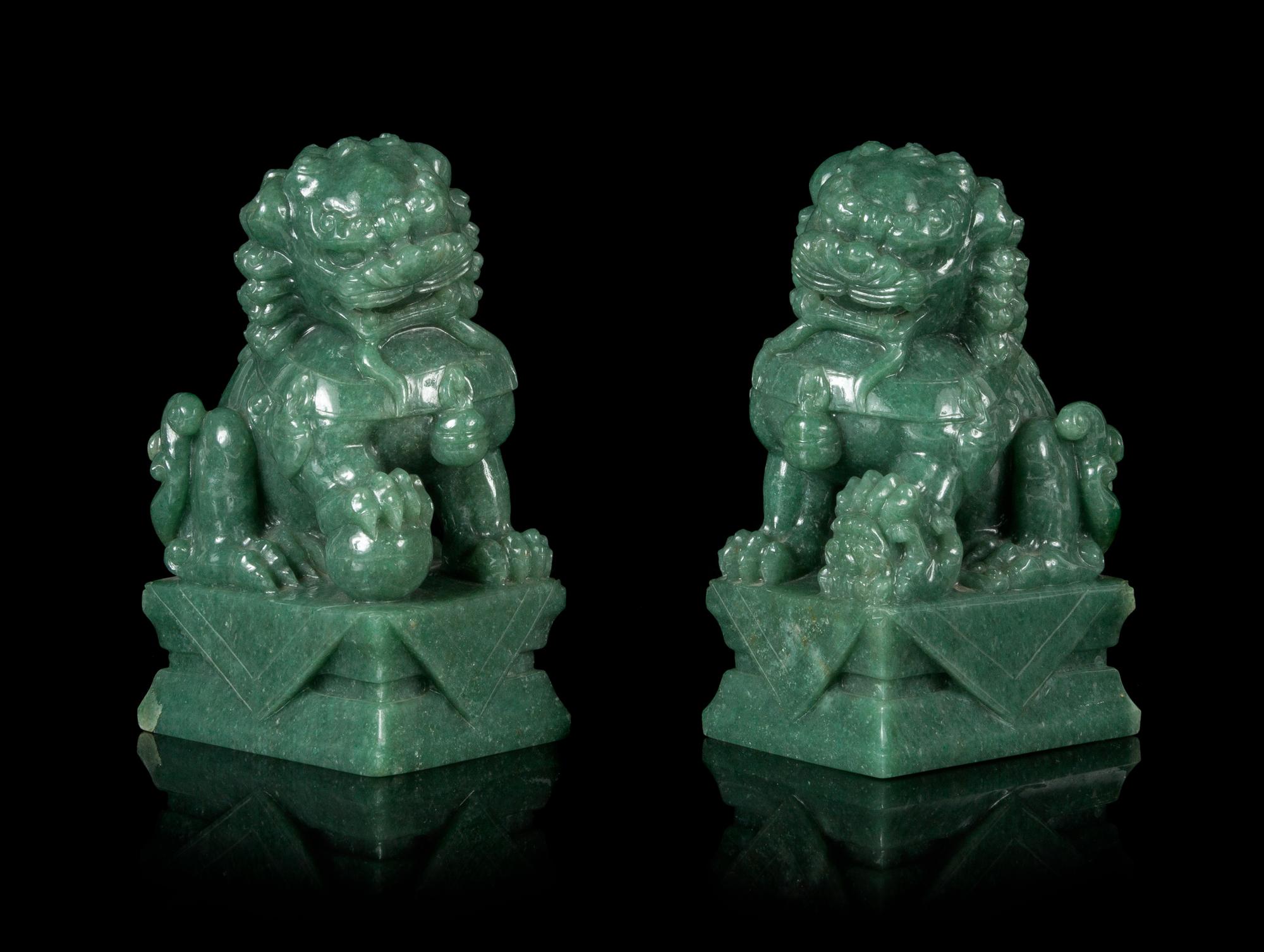 A Pair of Chinese Green Jade Figures of Fu Lions Height 6 1/4 inches. — 20TH CENTURY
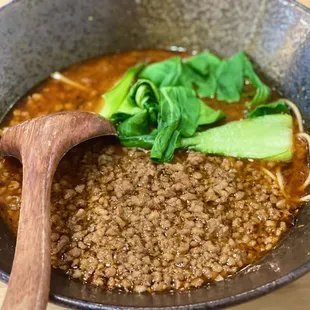 a wooden spoon in a bowl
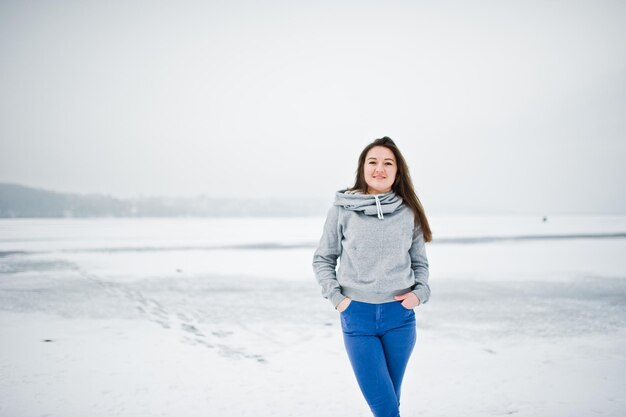 Garota engraçada usa suéter com capuz e jeans no lago congelado no dia de inverno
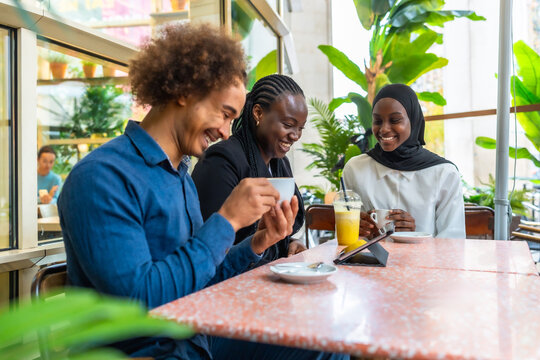 Happy diverse friends laughing together at cafe
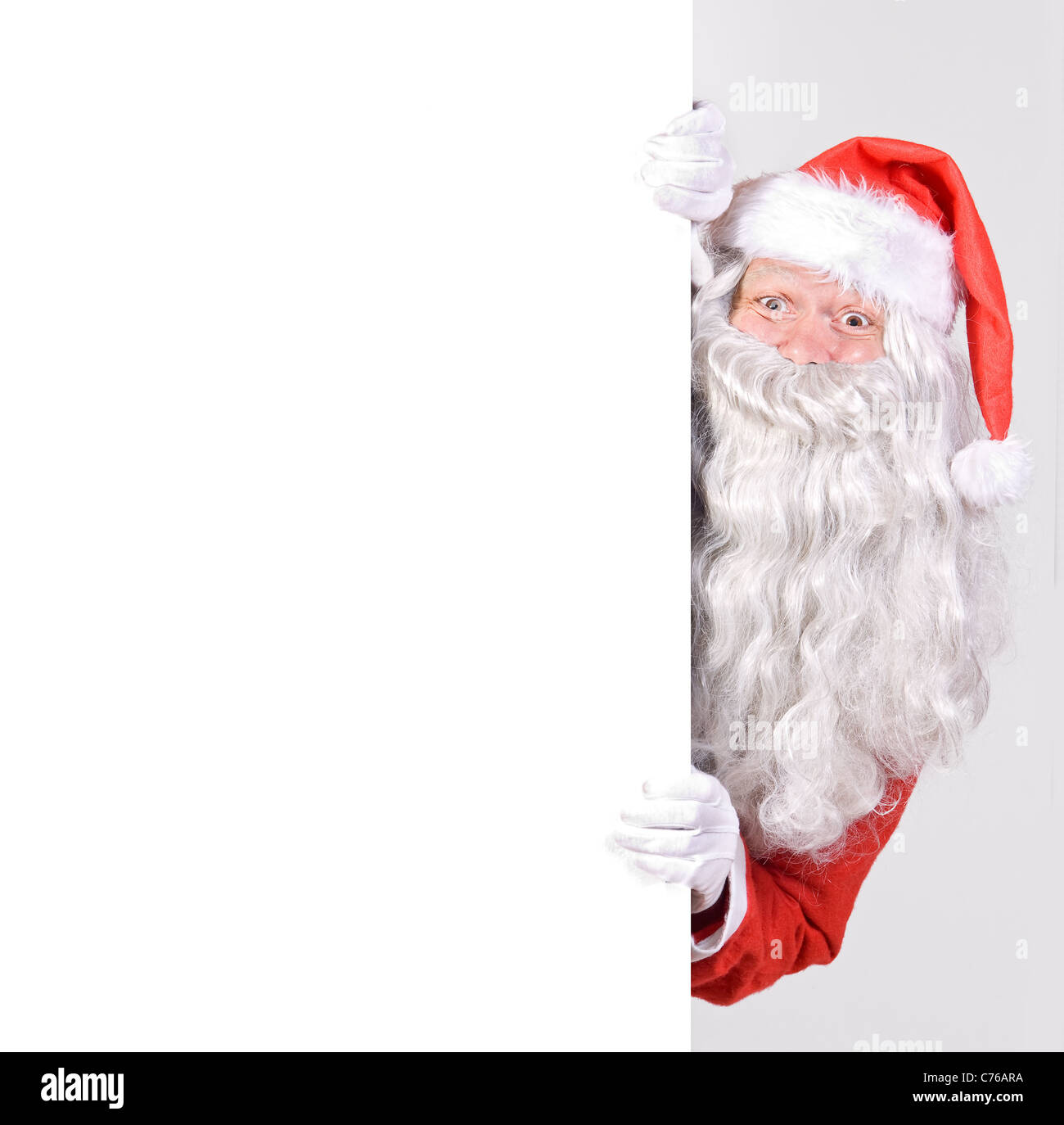 Santa Claus holding a blank sign isolated on white background Stock ...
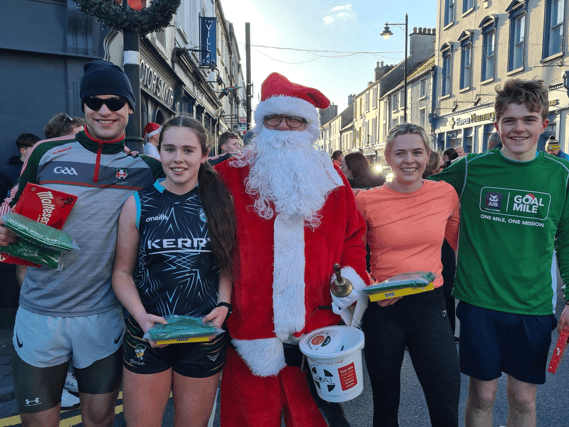 Pictured with Santa are the first male, female, girl and boy over the line at the Birr GOAL Mile - Ronan Murphy, Ali Smyth, Clodagh McIntyre and Tom Enright.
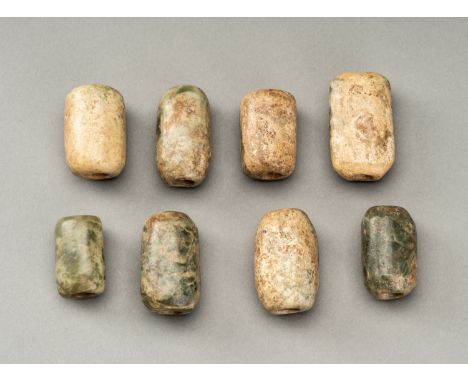 A LOT WITH EIGHT ANCIENT CHINESE JADE BEADSChina, presumably Neolithic, 3rd millennium BC. Different in size and of irregular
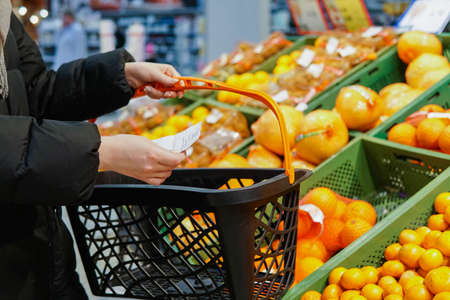Close up of woman at supermarket holding a shopping basket and paper shopping list.の写真素材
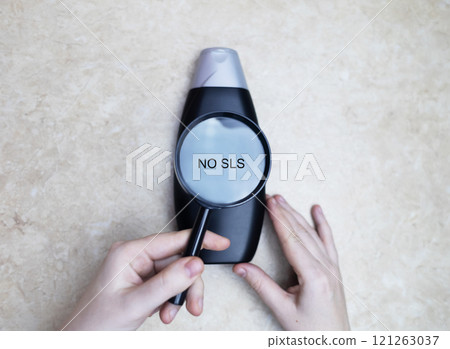 Female hands holding a can of shampoo, where it is written no sls, sls free. The concept of safe composition of shampoo without aggressive components 121263037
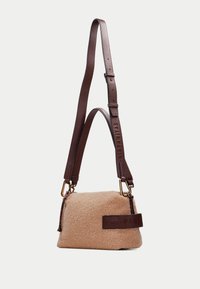 Sac en faux shearling beige avec une bandoulière en cuir texturé brun ; doté de quincaillerie dorée et d'un logo en relief proéminent sur le côté.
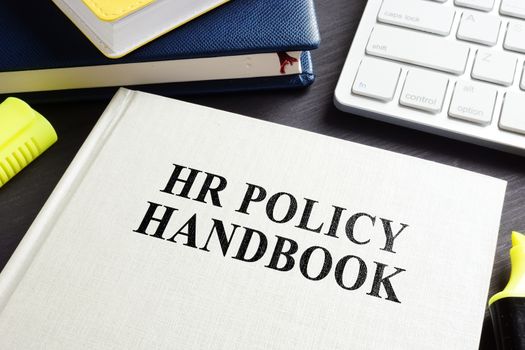 HR policy handbook on an office desk.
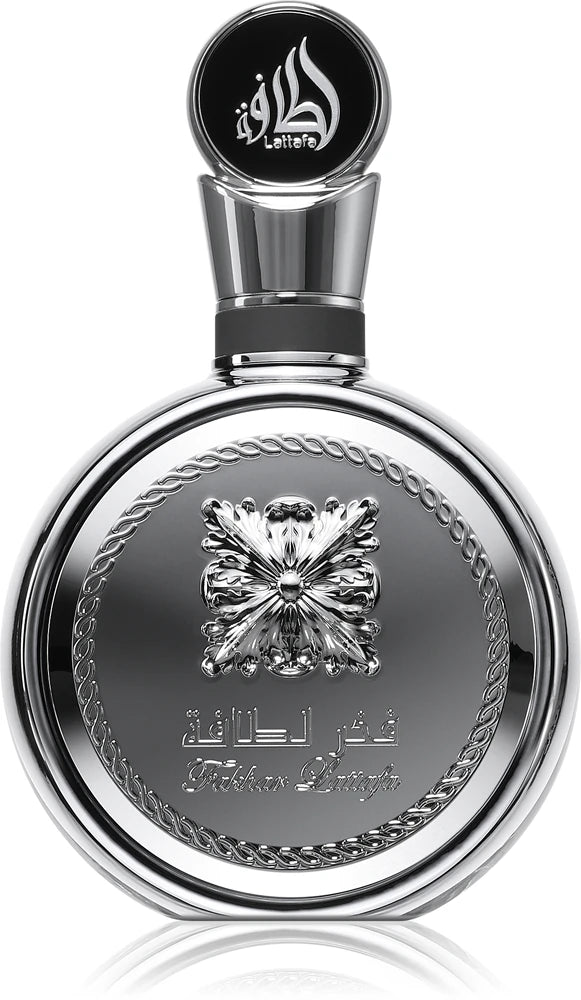 Lattafa Fakhar Platin Silver perfume bottle with intricate design and Arabic text on a white background
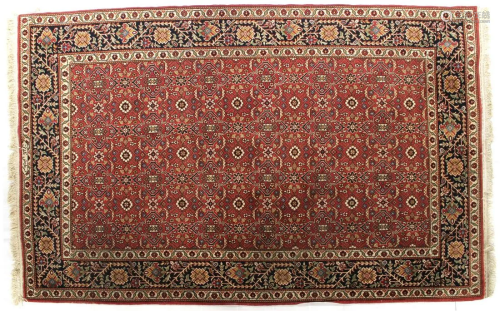 Oriental hand-knotted carpet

|---|

Work required:
Your answer must be an exact copy of the lines from the start of the entries through the line with "Close up of", with no pictures.

Answer for the task:
 A Pair of Chinese Green Jade Figures of Fu Lions Height 6 1/4 inches. — 20TH CENTURY
 a wooden spoon in a bowl
 Garota engraçada usa suéter com capuz e jeans no lago congelado no dia de inverno
 Happy diverse friends laughing together at cafe
 Santa Claus holding a blank sign isolated on white background Stock ...
 Pictured with Santa are the first male, female, girl and boy over the line at the Birr GOAL Mile - Ronan Murphy, Ali Smyth, Clodagh McIntyre and Tom Enright.
 A LOT WITH EIGHT ANCIENT CHINESE JADE BEADSChina, presumably Neolithic, 3rd millennium BC. Different in size and of irregular
Close up of woman at supermarket holding a shopping basket and paper shopping list.の写真素材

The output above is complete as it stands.